Blick auf den 2. Ophüls-Spielfilm-Wettbewerbstag Angstphantasien und Todesphantasien

Saarbrücken  · Morgen starten beim Saarbrücker Filmfestival Max Ophüls Preis vier weitere Spielfilme in den Wettbewerb. Welche lohnen sich, welche weniger?

 Simon Frühwirth in dem herausragenden Wettbewerbsbeitrag „Nevrland“.

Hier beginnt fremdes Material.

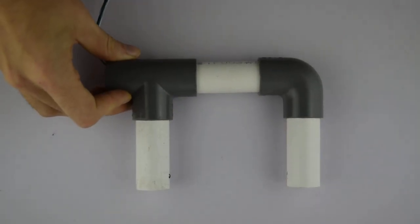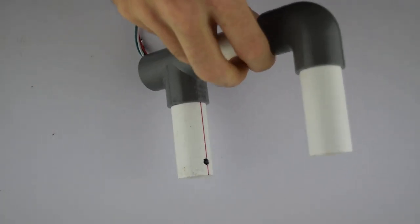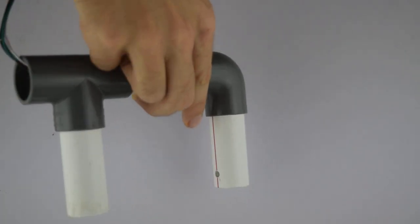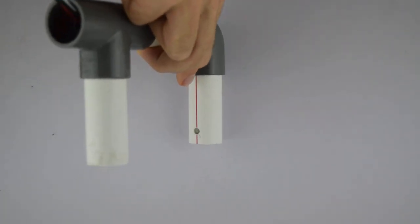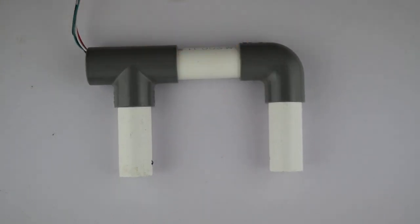For a more sturdy build, you can use PVC pipe. These pieces will stay together without glue, though I did use a hot glue gun to fix the LED and phototransistor in place. All that's left to do now is write the program.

Simon Frühwirth in dem herausragenden Wettbewerbsbeitrag „Nevrland“.

Foto: Salzgeber

Eine komplizierte Beziehungsgeschichte, ein apokalyptisches Drama mit Zombies und Dämonen, eine Tragikomödie um Alter und Tod und ein faszinierend-düsterer Coming-of-Age-Trip – darum geht es in den vier Beiträgen, die heute im Wettbewerb um den Max Ophüls Preis an den Start gehen.

 „Adrian ist nicht Achill“ ist das Regiedebüt von Sophia Schiller, die sich, das wird schon bald deutlich, viel vorgenommen hat. In einer überlangen Einführung geht es um Uhren, um Zeit und Raum, um Augustinus und Kant, um Sternkreiszeichen und Beziehungen. Zehn Minuten lang, dann erst wird der Titel eingeblendet. In der Folge lernen wir bei einer ausgiebigen Geburtstagsfeier die Familie von Adrian (Moritz Weber-Jänichen), dem Uhrmacher aus Rottweil, kennen. Dann kommt endlich Florina (Agnes Decker) ins Spiel, Adrians Ex-Freundin, die als Schauspielerin durch die Lande zieht und mal wieder kurz vorbeischaut. Schöne Erinnerungen werden wach – aber auch hässliche. Die beiden steigen ins Bett, um im nächsten Moment zu streiten. Floriane erzählt von ihrem Projekt über Penthesilea, die Königin der Amazonen, um Achill, und um Kleists gleichnamiges Drama aus dem Jahre 1808, grob verkürzt: um eine starke Frau und um die Starre der Gesetze. Oder im konkreten Fall von Adrian und Floriane: um eine Beziehung, die an den Gegebenheiten des Alltags scheitert.  Das ist stilistisch eher brav inszeniert, die Beziehung ist weder außergewöhnlich noch besonders spannend, weil sich hier nicht viel entwickelt und manche Szenen seltsam improvisiert und redundant wirken. (Mi: 21.45 Uhr, CS1; Do: 15 Uhr, CS5; Fr: 10.15 CS3; Fr: 17.30 Uhr Kinowerkstatt IGB; Sa: 19.30 Uhr, CS5; So: 15.30 Uhr, CS 2).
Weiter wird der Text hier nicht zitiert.